How is it going?

From April 30th…

The theme of late has been, “How is it going?” I have mixed emotions on that…. In some ways, it is so much harder than I thought it was going to be. In other ways, it really isn’t so bad after all. I certainly didn’t expect it to be this exhausting. And, I really didn’t have a clue how much I loved and admired this woman….
What’s hard:
1)My routine. I have a system. It’s a quirky system, but it is my system and I like it. Turns out, my Grandmother has a system. Her system isn’t much like my system. We both like having things our way, and when we want something, we want it NOW. Learning to shut my mouth, and detour my routine has been harder than I thought.
2)She loves to talk. There are 2 times I really don’t like to talk. Before my coffee is empty and as soon as I walk in the door from work. I am an early riser, but I like to have my coffee and let my brain process before I start talking, she hops out of bed with 10,000 things to say…. I work a full time job, most of the time in reduced hours. I work hard and fast during the day. I have lots of conversations and lots of thoughts in a very short period of time. When I walk in the door in the afternoon, I really just want to be quiet for a minute. But, during that time that I have been gone, she has been sitting in a quiet house all by herself and she just wants to talk.
3)She doesn’t do as much for herself/or me as I thought she would.

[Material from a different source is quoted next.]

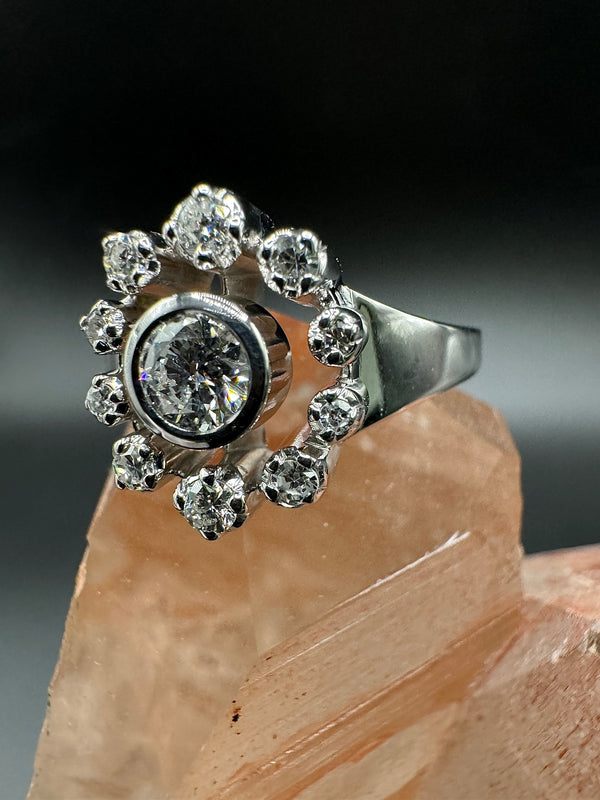 Stilvoller Ring in 18 Karat Weißgold mit feinen Brillanten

I’ll admit, I was kinda looking forward to having a little extra help around here. My grandmother was always a great cook and a clean freak. I kinda had dreams of walking in the door to a fully cooked dinner and a freshly vacuumed house. Instead, I am fixing 3 meals a day and cleaning up after an extra person. Part of that is simply, she isn’t is a good of physical shape as I thought she was. I really should have moved her in much sooner. Another part of that is that she just isn’t comfortable yet. She is still trying to figure out where things are and how they work. And, maybe a touch of liking to be served. She has lived on her own for 27 years and had to do everything. Having someone help her out is probably a relief to her, and I don’t blame her for enjoying it.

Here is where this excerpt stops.